• To do
Lines from the one with "Then to merge, we" up to and including the one with "So these are" are to be copied exactly from the records below, without their pictures.

Top of Material supplied

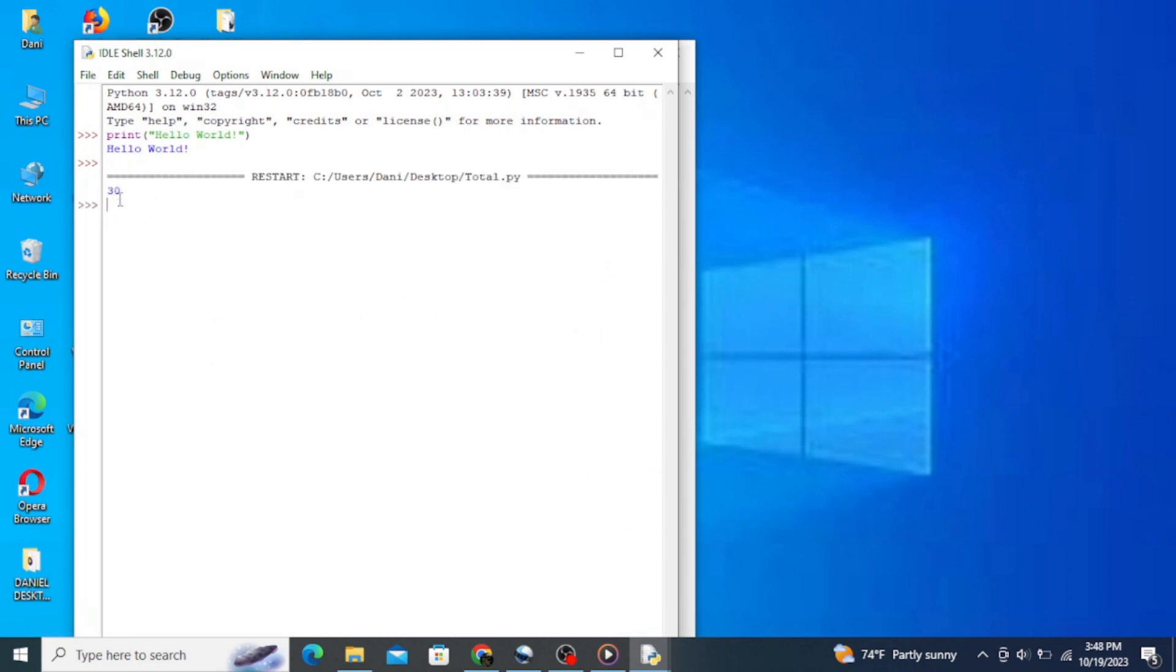So this is how you can easily install the latest version of Python on Windows operating system and interact with some Python programs. I hope that was helpful. Thank you very much for watching, and don't forget to like, share, and subscribe.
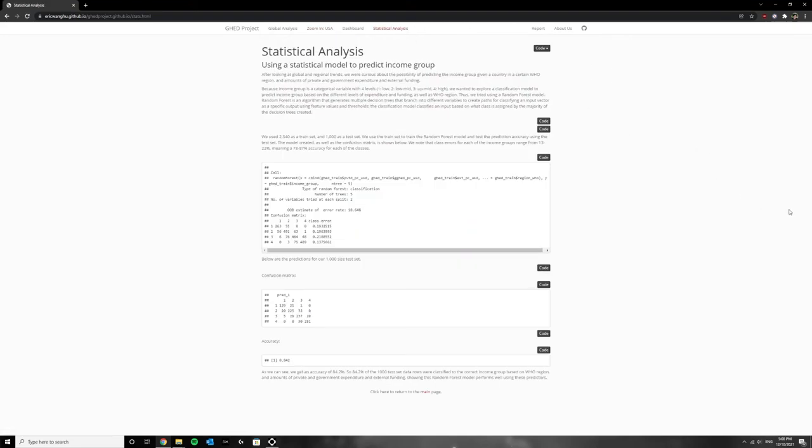From our analysis we built a random forest model seen in the statistical analysis page that used types of expenditure and WHO region to classify country income level.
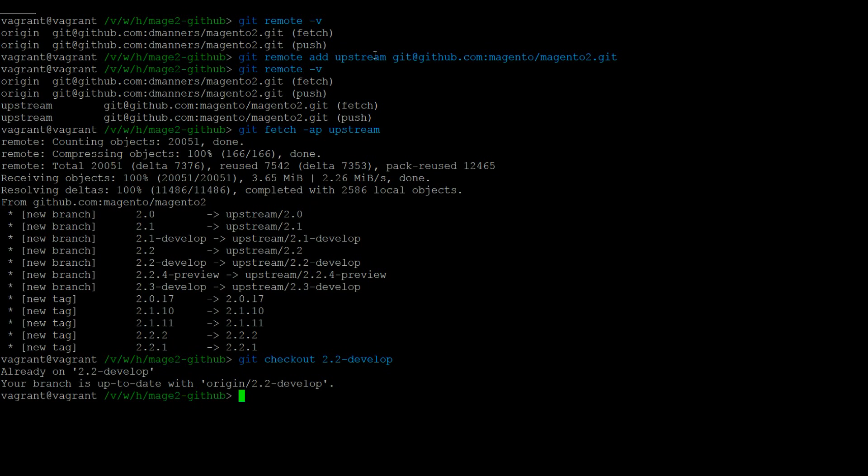Then to merge, we can call git merge upstream/2.2-develop. This should fast forward your branch to match the most recent version of 2.2-develop.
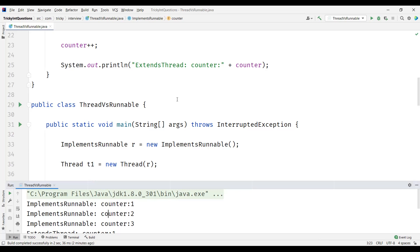So these are the differences between implementing the Runnable interface and extending the Thread class. In most cases, we use implementing the Runnable interface. If the requirement is only to override the run method and not any other Thread methods, use Runnable. If we need to override other Thread methods beyond run, then we can use extending the Thread class. That's all for this video. Thanks for watching.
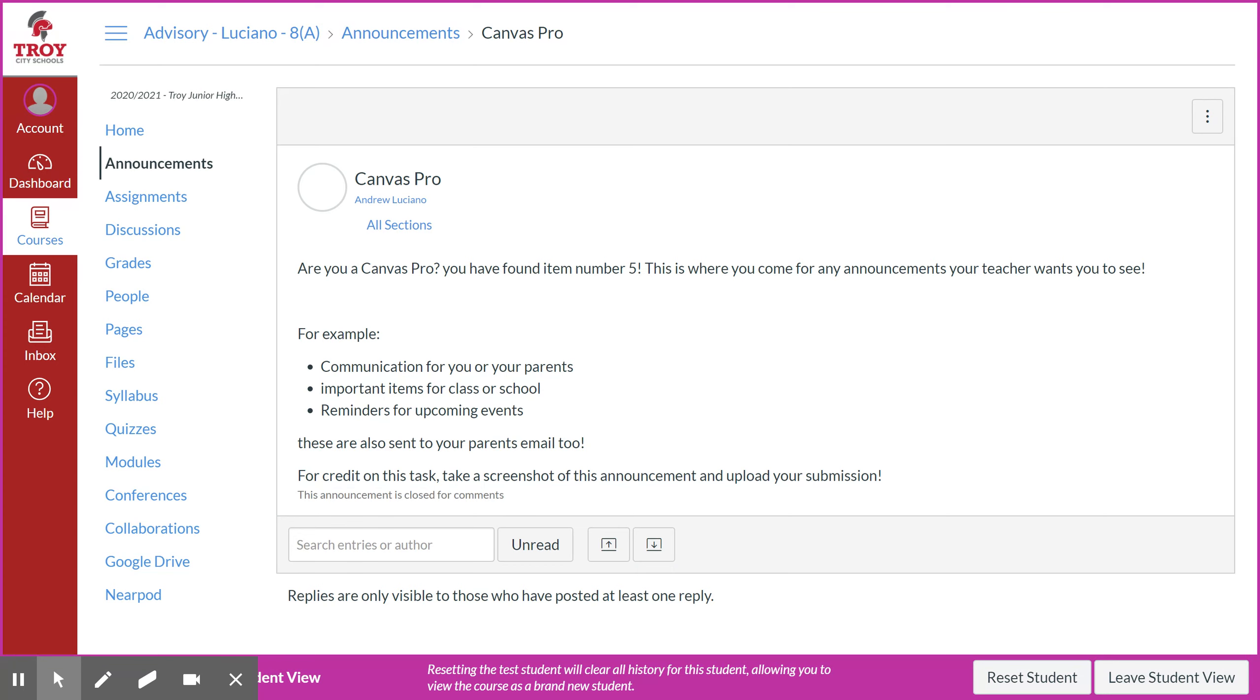You can click on that announcement to open it up. So this one says, are you a Canvas Pro? You've found item number five. This is where you come for any announcements your teacher wants you to see.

Bottom of Material supplied

• Final answer
Then to merge, we can call git merge upstream/2.2-develop. This should fast forward your branch to match the most recent version of 2.2-develop.
So these are the differences between implementing the Runnable interface and extending the Thread class. In most cases, we use implementing the Runnable interface. If the requirement is only to override the run method and not any other Thread methods, use Runnable. If we need to override other Thread methods beyond run, then we can use extending the Thread class. That's all for this video. Thanks for watching.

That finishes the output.